What is BPD and what are the Millon subtypes:
Borderline Personality Disorder (BPD) is a complex and challenging mental health condition that affects how individuals perceive themselves, relate to others, and manage their emotions. It’s characterized by a pattern of instability in self-image, interpersonal relationships, and emotions, often leading to impulsive behaviors, intense mood swings, and a deep fear of abandonment. People with BPD frequently struggle with regulating their emotions, which can lead to emotional outbursts, self-harm, and a pervasive sense of emptiness. The disorder often emerges in adolescence or early adulthood and can have profound impacts on various aspects of a person’s life, including their relationships, work, and overall well-being. It is almost always linked to complex trauma in childhood but newer research indicates it can also be caused by structural deformities in the brain.
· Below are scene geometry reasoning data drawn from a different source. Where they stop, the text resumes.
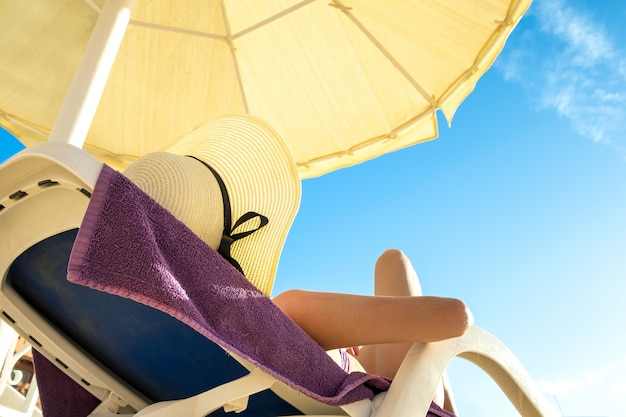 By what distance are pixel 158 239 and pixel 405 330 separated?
66 cm

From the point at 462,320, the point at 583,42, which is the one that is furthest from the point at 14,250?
the point at 583,42

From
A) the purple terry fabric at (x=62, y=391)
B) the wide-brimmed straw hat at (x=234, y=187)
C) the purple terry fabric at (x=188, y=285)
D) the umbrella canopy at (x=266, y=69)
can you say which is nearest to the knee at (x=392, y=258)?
the wide-brimmed straw hat at (x=234, y=187)

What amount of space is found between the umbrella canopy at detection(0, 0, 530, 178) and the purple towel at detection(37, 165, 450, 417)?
3.21m

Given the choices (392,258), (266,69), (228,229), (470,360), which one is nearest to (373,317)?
(470,360)

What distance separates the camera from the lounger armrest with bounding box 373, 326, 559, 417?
1243mm

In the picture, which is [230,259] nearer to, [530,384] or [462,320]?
[462,320]

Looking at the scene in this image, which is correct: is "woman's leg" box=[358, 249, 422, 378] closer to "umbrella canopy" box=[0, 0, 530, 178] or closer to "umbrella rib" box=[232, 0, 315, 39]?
"umbrella canopy" box=[0, 0, 530, 178]

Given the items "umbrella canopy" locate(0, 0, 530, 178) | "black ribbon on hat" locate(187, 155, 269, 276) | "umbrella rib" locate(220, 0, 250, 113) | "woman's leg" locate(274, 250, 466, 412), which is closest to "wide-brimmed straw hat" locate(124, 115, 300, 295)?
"black ribbon on hat" locate(187, 155, 269, 276)

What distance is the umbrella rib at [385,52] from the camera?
13.9 ft

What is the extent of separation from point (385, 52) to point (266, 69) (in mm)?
1059

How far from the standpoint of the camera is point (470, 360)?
1.48m

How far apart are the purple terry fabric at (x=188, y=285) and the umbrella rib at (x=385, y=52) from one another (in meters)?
3.28

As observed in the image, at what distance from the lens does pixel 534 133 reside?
42.1ft

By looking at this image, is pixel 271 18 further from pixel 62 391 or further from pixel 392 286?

Individuals with BPD often experience intense emotional pain, difficulty forming stable relationships, and a sense of emptiness that can be overwhelming. The unpredictable mood swings and impulsive behaviors can disrupt daily life and hinder personal and professional growth. Treatment for BPD is notoriously complex due to the multifaceted nature of the disorder. The intense emotional dysregulation and deep-seated fears of abandonment make establishing a therapeutic alliance challenging. Moreover, the fluctuating nature of BPD symptoms can complicate treatment planning, as progress may be accompanied by setbacks. Dialectical Behavior Therapy (DBT) has shown promise in treating BPD, but it requires significant commitment and effort from both patients and clinicians. The delicate balance between providing support and maintaining boundaries, coupled with the chronic nature of the disorder, makes treating BPD a demanding task for mental health professionals.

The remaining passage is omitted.